== Dataset extract ==
= Beginning of Section =

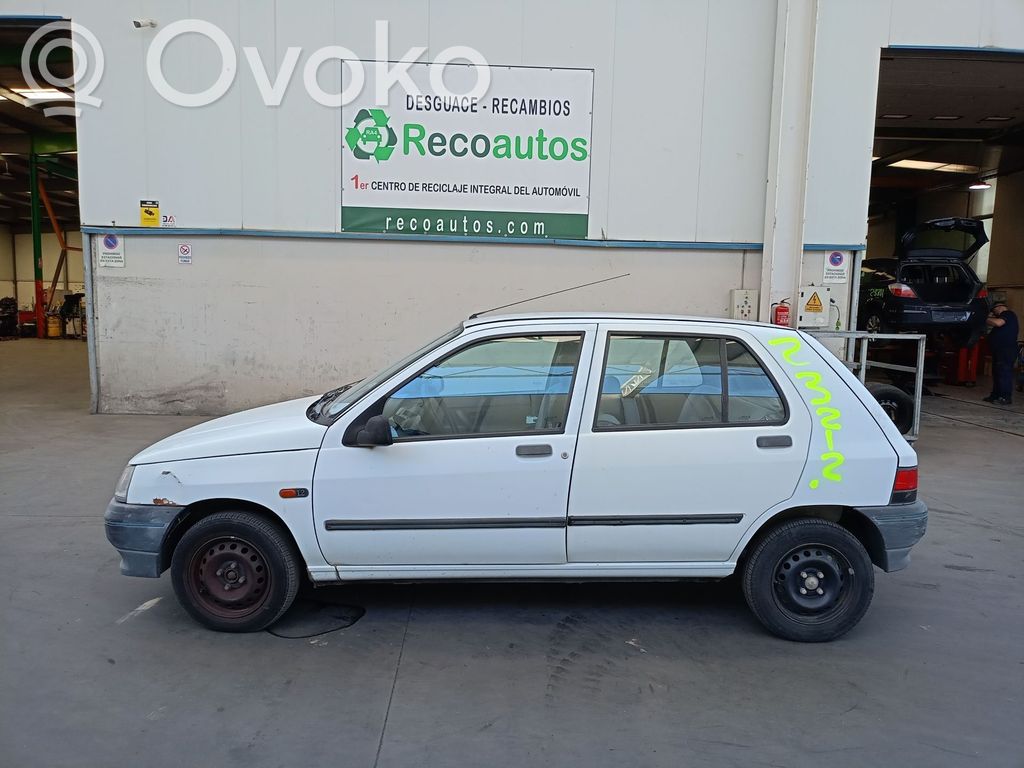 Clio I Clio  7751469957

= End of Section =
= Beginning of Section =

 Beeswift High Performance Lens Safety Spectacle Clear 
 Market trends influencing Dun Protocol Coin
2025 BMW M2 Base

= End of Section =
= Beginning of Section =

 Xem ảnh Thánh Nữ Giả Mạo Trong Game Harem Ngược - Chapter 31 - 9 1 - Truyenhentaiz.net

= End of Section =

== Task statement ==
The lines above from the one with "Market trends influencing Dun Protocol Coin" through the one with "2025 BMW M2 Base" are to be duplicated exactly, ends included, with nothing added.

== Solution ==
 Market trends influencing Dun Protocol Coin
2025 BMW M2 Base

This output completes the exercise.